Eighty-six percent of Amer­ica’s judges must stand for elec­tion. Thirty-eight states conduct elec­tions for their Supreme Courts (includ­ing partisan and non-partisan ballots, along with uncon­tested “reten­tion elec­tions” featur­ing up-or-down votes on an incum­bent).1 Some of these states—­like Alabama, Illinois, Michigan, Missis­sippi, Ohio, and Texas—are on their way to becom­ing peren­nial judi­cial battle­grounds where PACs, polit­ical parties, and special interests line up every other fall to elect judges who will pursue their narrow interests, not the public interest. Other states that elect judges have had an occa­sional taste of how bad things can get. A few states still enjoy court campaigns that are quiet and digni­fied.

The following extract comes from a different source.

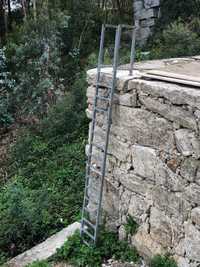 Escada de Ferro com 4,50m.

But under the New Polit­ics of Judi­cial Elec­tions, none of these 38 states is safe. More special interests are target­ing Supreme Court races. More judges find them­selves trapped in a bad system, forced to raise money like ordin­ary politi­cians. More TV ads treat our courts of law like naked polit­ical prizes. Most of the public feels too ill informed to vote in judi­cial elec­tions, leav­ing a vacuum that special interests are happy to fill. And in 2002, the U.S. Supreme Court made it easier for judi­cial candid­ates to announce their posi­tions on hot-button issues, trig­ger­ing a “New Dating Game” that gives special interests new powers to pres­sure judi­cial candid­ates— and tempts judi­cial candid­ates to pander to special interests or face their wrath.